October 28, 2012 at Calvary
Evangelical Lutheran Church – Mechanicsburg, PA
“Remember the word that I said to you: ‘A servant is not greater than
his master.’ If they persecuted Me, they will also persecute you. If they kept
My word, they will also keep yours. But all these things they will do to you on
account of My name, because they do not know Him who sent Me.”
Being Jesus’ friend is a
hazardous enterprise. That is what is made clear by Jesus’ own words that you
heard on this day when the Church commemorates Saints Simon and Jude. On the
night of His betrayal, Jesus spoke at length with His disciples. Gathered
around the Passover Meal, they heard Jesus disclose things about His future and
theirs. Jesus made clear that He was going to leave the Twelve, leaving both to
make atonement for the world’s sin by suffering crucifixion and then to ascend
in resurrected glory to His Father. He revealed what would happen after He
left, what the Twelve could anticipate as they lived as His faithful followers.
Jesus’ statement to the Twelve
indicates that they were being given a new status that night: “Greater love has no one than this, that
someone lays down his life for his friends. You are My friends if you do what I
command you. No longer do I call you servants, for the servant does not know
what his master is doing; but I have called you friends, for all that I have
heard from My Father I have made known to you.” What Jesus would undergo at
the hands of the Jewish leaders and Roman officials was done for the benefit of
the Twelve. They were now His friends; He was laying down His life for them.
They had been made Jesus’ friends because He had handed over to them everything
that His Father had delivered to Him. From that night on, there was no mystery
about what Jesus was doing, about His identity, or about His purpose. After
receiving what Jesus had made known to them, the Twelve were going to be sent
to fulfill His commands, including His great command: “that you love one another as I have loved you.”
But Jesus discloses something
about what the Twelve would encounter as they fulfilled their callings. Their
status as Jesus’ friends, those to whom He had handed over all the teaching
from the Father, would bring them opposition: “If the world hates you, know that it has hated Me before it hated you.
If you were of the world, the world would love you as its own; but because you
are not of the world, but I chose you out of the world, therefore the world
hates you.” Hatred and enmity are what the Twelve would face, what they
would experience in their lives. The cause of that hatred and enmity is the new
identity that Jesus gave the Twelve: they no longer belonged to the world, but
to Jesus. That difference put them at odds with the world.

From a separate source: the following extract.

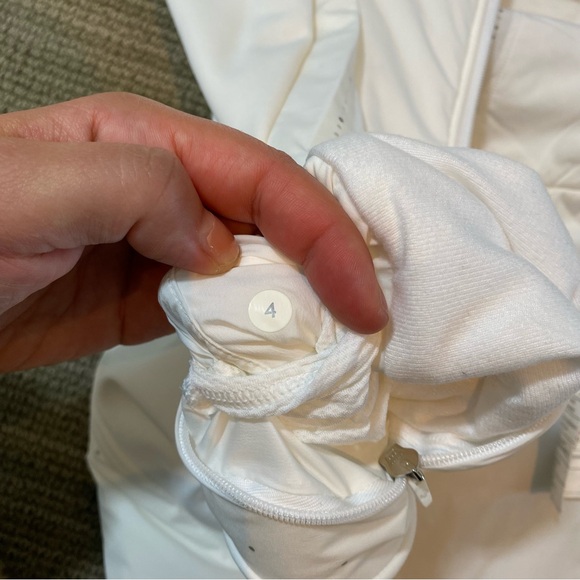 Lululemon White Vest Size 4 - Picture 6 of 10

The difference between the
Twelve and the world was not going to be kept hidden, since what Simon and Jude
and the rest of the apostles were going to do was not secret. They were going
out into the world to do something very public: to take the words that Jesus
had handed over to them and proclaim them in the hearing of all. That was their
task. And so Jesus reminds them of the word that He had spoken about their
calling: “Remember the word that I said
to you: ‘A servant is not greater than his master.’ If they persecuted Me, they
will also persecute you. If they kept My word, they will also keep yours. But
all these things they will do to you on account of My name, because they do not
know Him who sent Me.”
This is what friendship with
Jesus would bring Simon and Jude and the others. Jesus’ words that they spoke
and Jesus’ actions that they imitated would be noticed. The Twelve’s identity
would be shown by what they said and did. It would be noticed just as the
preaching of the Old Testament prophets was noticed. Just as Jeremiah spoke the
words that the Lord gave him in
the Temple, so the Twelve would speak the words that Jesus gave them. Those
that heard the truth of Jesus and treasured it would also welcome His apostles
who spoke the same. But Jesus promises that those who had persecuted Him for
what He said would also persecute those who confessed the same truth about His
identity and work. This is how it would be for the Twelve; what Jesus said is
true: “A servant is not greater than his
master.”
What Jesus spoke concerning the
Twelve is also true about you. You also have been given a new identity. That is
what Peter, one of the Twelve, describes: “According
to [the Father’s] great mercy, He has caused us to be born again to a living
hope through the resurrection of Jesus Christ from the dead, to an inheritance
that is imperishable, undefiled, and unfading, kept in heaven for you, who by
God’s power are being guarded through faith for a salvation ready to be
revealed in the last time.” Such words tell what has been done for you and
the benefits of that divine action. You have a new birth given to you in Holy
Baptism. You have a new hope found in the resurrection of Jesus. You have a new
fate that will be revealed at the end of this age. This is all yours because
Jesus laid down His life for you, His friends, and has made known to you all
that the Father willed, especially His great mercy for you who were ensnared by
sin, imperfection, and death.
But Jesus reminds you about what
comes with that identity: “If you were of
the world, the world would love you as its own; but because you are not of the
world, but I chose you out of the world, therefore the world hates you.”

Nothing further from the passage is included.